Second-hand value: £500-750
Produced: 1985 – 1987
The £500-750 price point is a tricky one. For this kind of outlay you’d be justified in expecting to pick up a drum machine which is going to sound great and offer clear advantages over cheaper models, but the budget won’t quite get you into the big leagues in terms of vintage classics.
You could go for something like an Oberheim DMX, but as much as we love its crunchy sound it’s not the most versatile drum machine you’ll ever get your hands on. A potential investment for the future, maybe, but in terms of its very limited approach it’s going to leave most modern producers frustrated.
Instead, we’re going to bend our own rules slightly. We haven’t included samplers in this list because… well, because samplers aren’t drum machines. Sure, samplers can be used to sample and sequence drums, but there’s a clear difference and it only confuses matters to consider them alongside each other (we’ll save the samplers for another feature).
However, we’re going to stretch the definition of drum machine ever so slightly here because there’s a unit which is best known for its sampling capabilities but still just about manages to sneak into the definition of a drum machine. The E-mu SP-12 is a classic for good reason. It represents the point at which the drum machine market was first beginning to respond to the rising threat of the sampler. E-mu’s previous model, the Drumulator, was an affordable digital drum machine which took on the LinnDrum at its own game. The SP-12’s successor, the SP-1200, was one of the definitive samplers of the late 80s, turning its back on built-in sounds to focus on new, sample-based approaches to music. The SP-12, as you might expect, sits somewhere in the middle.

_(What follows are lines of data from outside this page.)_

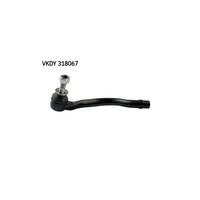 Spurstangenkopf SKF Vkdy 318067 FüR MERCEDES-BENZ, Vorderachse Links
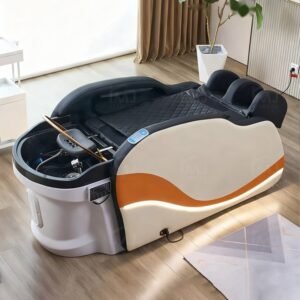 Electric Massage Bed A35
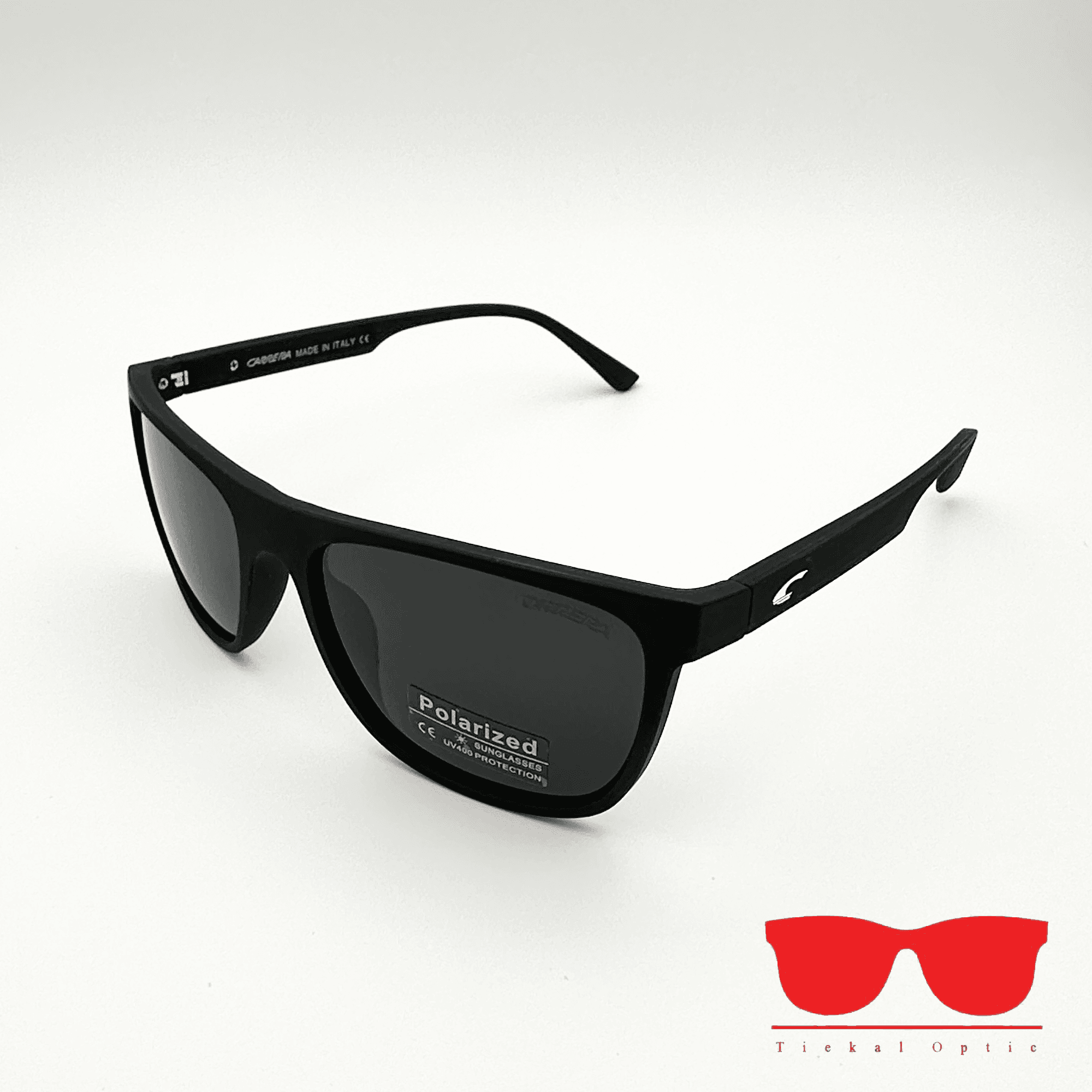 عینک آفتابی پلاریزه برند Carrera مدل P8319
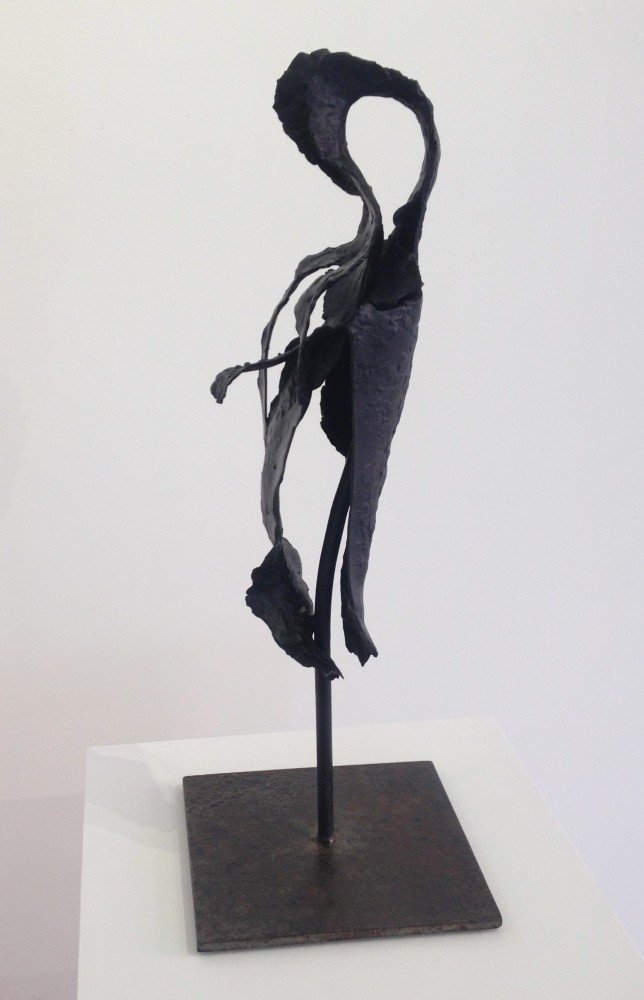 Fritz Bultman Untitled (#16), 1973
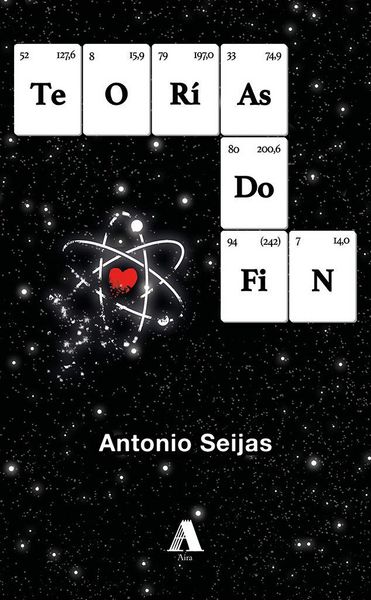 Produktbild: Teor&iacute;as da fin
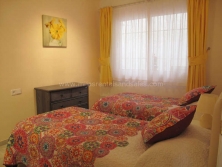 Impeccable apartment in El Mirador de Mijas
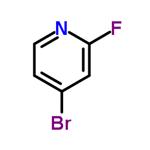 2-Fluoro-4-bromopyridine
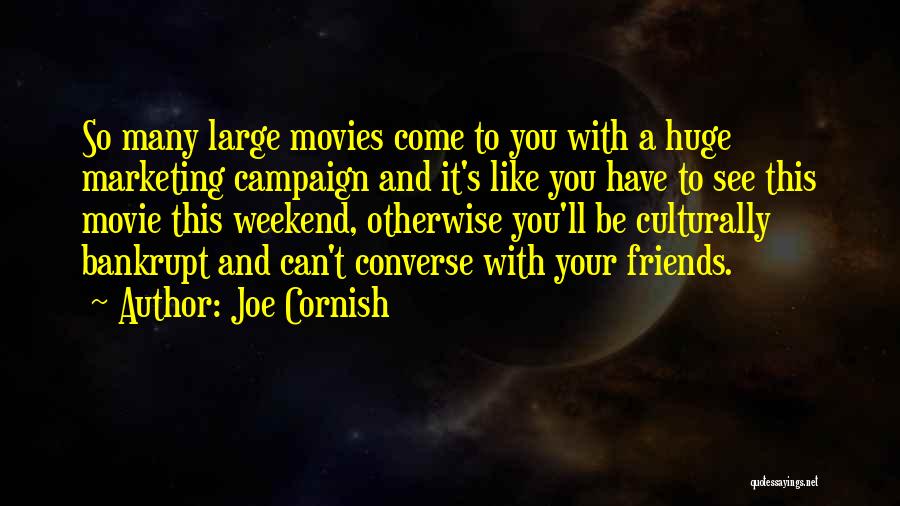 Chola Love Quotes By Joe Cornish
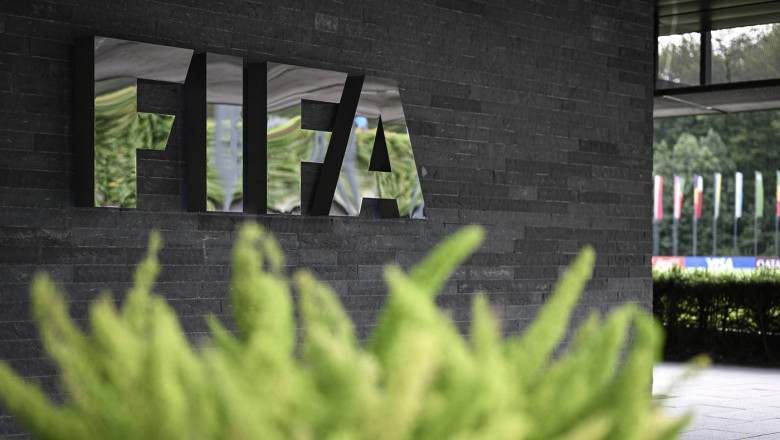 FIFA blocheaza cu inteligenta artificiala postarile si comentariile abuzive pe retelele sociale Imagine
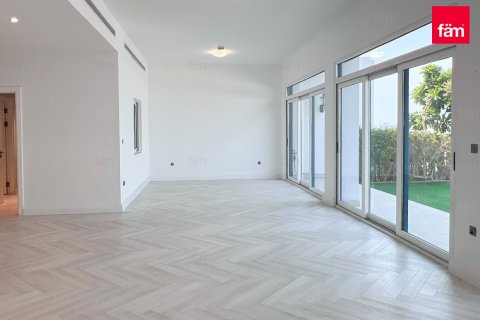 Снять в аренду виллу в Пальме Джумейре, Дубай: 5 спален, 263.8м², № 135238 - фото 20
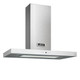 Kaiser AI9434WEco Avantgarde Pro 90cm Island Cooker Hood - Stainless Steel Main Image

What you get with the SP-12 is a very good drum machine. Loaded with 24 crunchy 12-bit samples, the SP sounds fantastic in its own right. But let’s be honest: it’s really all about the sampling options. Throw in a bunch of drum sounds and samples, program some patterns using the basic but intuitive sequencer and you’ve got yourself an all-in-one production tool with incredible 12-bit character. The SP-12 and SP-1200 are probably best known for their use by boom-bap hip hop producers, but they also lend themselves very nicely to loop-based house and techno. As a result hey’ve been used extensively over the years by the likes of Theo Parrish, Todd Terry, Alan Braxe and Kenny ‘Dope’ Gonzalez.
In this case we freely admit that we’re stretching the limits of our own rules, but the SP-12 deserves inclusion, even if it’s only on a technicality. Sure, it’s a decent drum machine, but it’s an amazing sampler. That’s what makes it a classic, that’s what makes it so good in the studio to this day, and that’s what means its second-hand value continues to rise.